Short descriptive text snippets
Segment Open

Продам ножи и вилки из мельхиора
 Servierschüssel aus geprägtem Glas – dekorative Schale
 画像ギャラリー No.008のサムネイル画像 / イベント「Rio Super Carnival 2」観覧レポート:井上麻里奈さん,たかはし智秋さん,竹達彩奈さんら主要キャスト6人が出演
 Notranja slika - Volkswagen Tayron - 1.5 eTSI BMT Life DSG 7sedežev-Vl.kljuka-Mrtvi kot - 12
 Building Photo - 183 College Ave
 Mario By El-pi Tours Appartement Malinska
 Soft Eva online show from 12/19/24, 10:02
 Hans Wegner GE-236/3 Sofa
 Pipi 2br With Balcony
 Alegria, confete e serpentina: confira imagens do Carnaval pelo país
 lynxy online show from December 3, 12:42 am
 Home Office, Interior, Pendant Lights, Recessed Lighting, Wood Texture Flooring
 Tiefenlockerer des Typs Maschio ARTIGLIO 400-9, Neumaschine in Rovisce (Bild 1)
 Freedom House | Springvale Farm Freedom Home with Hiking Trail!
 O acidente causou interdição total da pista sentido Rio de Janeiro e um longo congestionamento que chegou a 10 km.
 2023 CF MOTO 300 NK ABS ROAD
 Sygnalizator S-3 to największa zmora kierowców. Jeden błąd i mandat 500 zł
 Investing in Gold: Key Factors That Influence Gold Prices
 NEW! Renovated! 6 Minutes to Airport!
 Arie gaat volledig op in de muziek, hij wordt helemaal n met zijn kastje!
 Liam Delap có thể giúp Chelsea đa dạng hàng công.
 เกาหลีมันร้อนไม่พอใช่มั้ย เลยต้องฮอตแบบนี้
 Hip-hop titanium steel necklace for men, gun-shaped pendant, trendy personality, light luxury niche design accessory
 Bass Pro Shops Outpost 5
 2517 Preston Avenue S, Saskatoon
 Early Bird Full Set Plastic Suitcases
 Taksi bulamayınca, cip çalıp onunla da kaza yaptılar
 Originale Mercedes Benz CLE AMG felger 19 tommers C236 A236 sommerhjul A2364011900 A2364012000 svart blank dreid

Segment Closed

Reproduce only the lines between the line containing "Bass Pro Shops Outpost 5" and the last line of the records, those two lines included, exactly.

 Bass Pro Shops Outpost 5
 2517 Preston Avenue S, Saskatoon
 Early Bird Full Set Plastic Suitcases
 Taksi bulamayınca, cip çalıp onunla da kaza yaptılar
 Originale Mercedes Benz CLE AMG felger 19 tommers C236 A236 sommerhjul A2364011900 A2364012000 svart blank dreid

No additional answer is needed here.